Hardly anyone today speaks with more moral authority knowledge and experience than Fernecz on how to protect human beings from the horrors of war –and how not to do it, which makes his attack on the Norwegian position all the more remarkable. 

In the Nuremberg trial, war of aggression was defined as the supreme international crime, surpassing even the most heinous crimes committed by the Nazis against their victims. Chief American prosecutor, Robert H. Jackson, said at the time:

“To initiate a war of aggression, therefore, is not only an international crime; it is the supreme international crime differing only from other war crimes in that it contains within itself the accumulated evil of the whole.”

While Western governments tend to portray military intervention as a tool for preventing other crimes, Ferencz maintains that war of aggression is more likely to provoke war crimes, genocide and crimes against humanity than to prevent them.

The Norwegian government has so far mostly shunned making public statement revealing its stance on the criminalization of war of aggression. Hence, Norway has avoided international debate about its hitherto failure to ratify the amendment as the Security Council election nears. Norway is running against Ireland and Canada for the two European seats on the Council.
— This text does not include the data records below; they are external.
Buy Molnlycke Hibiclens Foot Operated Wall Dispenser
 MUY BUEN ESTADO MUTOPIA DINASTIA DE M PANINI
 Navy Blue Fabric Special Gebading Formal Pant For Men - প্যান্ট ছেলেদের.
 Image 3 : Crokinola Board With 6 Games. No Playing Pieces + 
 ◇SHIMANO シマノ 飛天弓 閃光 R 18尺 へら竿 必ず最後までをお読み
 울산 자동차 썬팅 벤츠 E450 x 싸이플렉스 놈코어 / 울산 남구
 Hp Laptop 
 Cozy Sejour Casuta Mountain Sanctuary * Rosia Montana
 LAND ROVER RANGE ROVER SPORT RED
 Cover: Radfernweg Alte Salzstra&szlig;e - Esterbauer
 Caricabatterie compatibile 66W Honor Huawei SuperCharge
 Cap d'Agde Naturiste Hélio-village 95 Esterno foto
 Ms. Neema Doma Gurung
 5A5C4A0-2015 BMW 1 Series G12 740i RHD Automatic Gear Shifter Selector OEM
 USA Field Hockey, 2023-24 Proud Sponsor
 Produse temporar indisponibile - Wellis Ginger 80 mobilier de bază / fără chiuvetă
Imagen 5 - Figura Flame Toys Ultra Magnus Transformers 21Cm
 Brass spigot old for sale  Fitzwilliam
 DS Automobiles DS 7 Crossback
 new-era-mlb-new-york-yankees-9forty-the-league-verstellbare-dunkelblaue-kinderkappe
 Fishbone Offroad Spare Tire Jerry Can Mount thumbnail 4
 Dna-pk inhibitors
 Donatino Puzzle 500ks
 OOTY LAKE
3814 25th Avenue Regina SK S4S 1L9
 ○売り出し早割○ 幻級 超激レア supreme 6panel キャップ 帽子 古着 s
This might change, however, as a proposal urging the ratification of the amendment, was introduced in parliament just before the corona crisis hit Norway and paralyzed most parliamentary activity. The private members bill was drafted by MP Bjørnar Moxnes of the left-wing Red Party. When it comes due for debate and parliamentary vote during the coming months, the bill will force the government to show its hand, voting either in favor or against ratification. 

Asked by Dagsavisen earlier this year why Norway has still not accepted the amendment prohibiting aggression, the state secretary of the Ministry of Foreign Affairs was non-committal. “The question of Norwegian ratification of the crime of aggression raises a series of questions of principle that will have to be assessed thoroughly before Norway can decide on future ratification,” he said. Though ambiguous, the comment seemed to leave the door open for ratification.